The milk in the coconut – a hairy puzzle

U 12.976-8: Hoho begob says I to myself, says I. That explains the milk in the cocoanut and the absence of hair on the animal’s chest. Blazes doing the tootle on the flute.

Grant Allen’s essay “The Milk in the Cocoa-Nut” provides a rather laborious answer to the popular conundrum about how the milk got into the coconut in the first place. Right at the start of his essay Allen states:

For many centuries the occult problem how to account for the milk in the cocoa-nut has awakened the profoundest interest alike of ingenious infancy and of maturer scientific age.
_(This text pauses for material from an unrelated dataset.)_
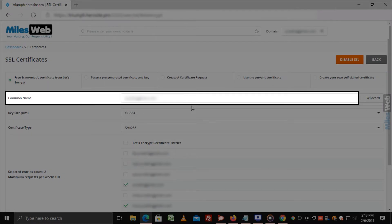You have to type the desired domain name in the Common Name field for which you want to install the SSL certificate.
Grant Allen in Popular Science Monthly (1884), May, p. 50

This was considered one of a number of stock conundrums in the late nineteenth century:

It would be a curiosity to see the names of the men in public life, to-day, who started out and received their first encouragement by discussing the somewhat fresh and novel questions: "Whether Columbus was entitled to more credit for discovering America, than Washington was for defending it"; "whether there is greater pleasure in participation than in anticipation"; "which is the more perplexing, a smoky chimney or a scolding wife"; "which could more easily be dispensed with, fire or water"; and last but not least: "How did the milk get into the cocoanut shell?"

Transactions of the Wisconsin State Agricultural Society (1873), vol. 11, p. 250

But it had already become a popular witticism at least forty years before:

... when that fat fiddle-player, George Prince Regent, inquired of an old dowager of eighty-six, at what age woman became insensible to the tender passion, he received the following simpering reply: - "Your Royal Highness had better apply to someone older than myself for an answer to that question," which fully accounts for the milk in the cocoanut, as the showmen say.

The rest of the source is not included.